RDD.pipe() is resulting in "No such file or directory" only when running in Cloudera

Re: RDD.pipe() is resulting in "No such file or directory" only when running in Cloudera

Cloudera Employee

So, should he be passing in file:// in his arg?  Does it default to a local file?

Re: RDD.pipe() is resulting in "No such file or directory" only when running in Cloudera

Master Collaborator

Without a scheme, it should be treated as a local file, yes. It seems like the file is distributed just fine; there's a potential permissions or visibility issue somewhere though.

Re: RDD.pipe() is resulting in "No such file or directory" only when running in Cloudera

Cloudera Employee

Hi Kevin,

 

I'm curious, what are your imports for the sample code you provided?  I can find "Paths" in the documentation?

 

Scott

Highlighted

Re: RDD.pipe() is resulting in "No such file or directory" only when running in Cloudera

Master Collaborator
Paths is the standard Java 7 class for parsing file paths. This much looks fine.

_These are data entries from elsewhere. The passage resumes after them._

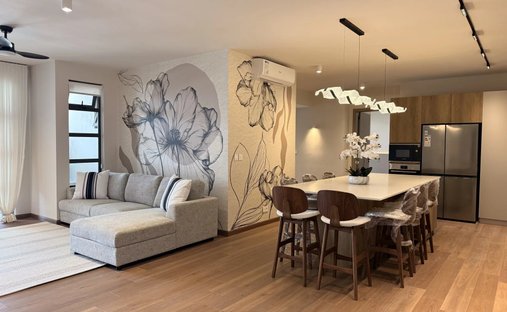 Penthouse in Moka, Moka, Mauritius 1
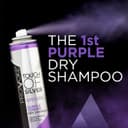 PROVOKE Touch Of Silver Purple Toning Dry Shampoo 200 ml, Neutralises Brassy Tones and Refreshes Hair, First Ever Dry Shampoo thumbnail 1
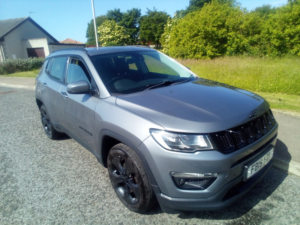 2019 Jeep Compass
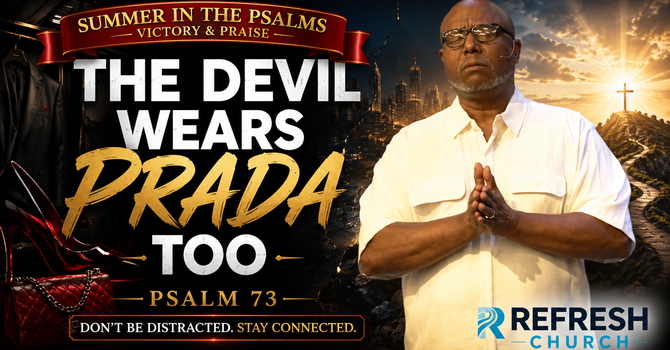 The Devil Wears Prada Too | Psalm 73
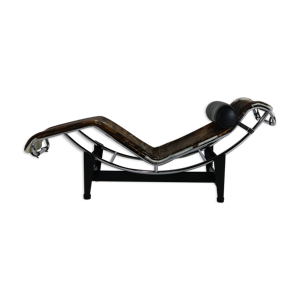 Chaise longue LC4 de Corbusier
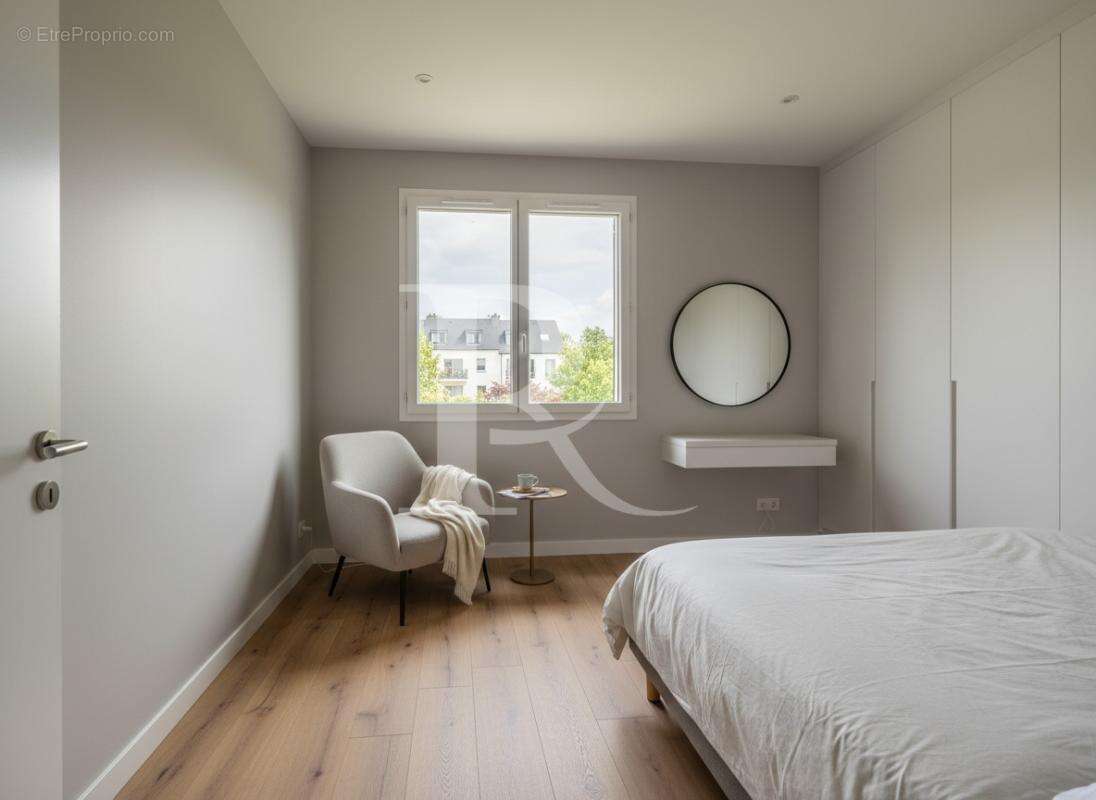 Appartement 3 pièces à Poissy - photo 2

Re: RDD.pipe() is resulting in "No such file or directory" only when running in Cloudera

Explorer

To remove R from the equation, I tried it with a simple bash script; same behavior (i.e. works with local[4], fails on yarn-client with either "No such file or directory" or "Permission denied", depending on the node).

 

I also tried adding the scheme "file://" to the beginning, again same behavior.

 

I'm with Scott, I think it looks like a permission issue, but I was not involved with setting up permissions so not certain.  We'll have Scott look at it offline, thanks everyone.

Re: RDD.pipe() is resulting in "No such file or directory" only when running in Cloudera

New Contributor

Hi, I'm wondering if you all determined the root cause and/or a solution to this. I'm having the same problem myself. Thanks!

Re: RDD.pipe() is resulting in "No such file or directory" only when running in Cloudera

Explorer

No, I never did.  Eventually we worked around the problem by just installing the script we wanted to invoke on every node in the cluster and adding it to the path using Ansible (you could probably also achieve this with Puppet or Chef).  This allowed us to achieve our goal, without having to rely on Spark distributing the script file.  But it is not ideal obviously, since now we have an extra deployment step to update the script on all the nodes whenever it changes.  I'm still not too happy, but I've moved on.

Re: RDD.pipe() is resulting in "No such file or directory" only when running in Cloudera

New Contributor
Kevin - thanks for the prompt reply. I'm thinking I'll probably just end up doing the same thing (manually shipping a copy to the worker nodes).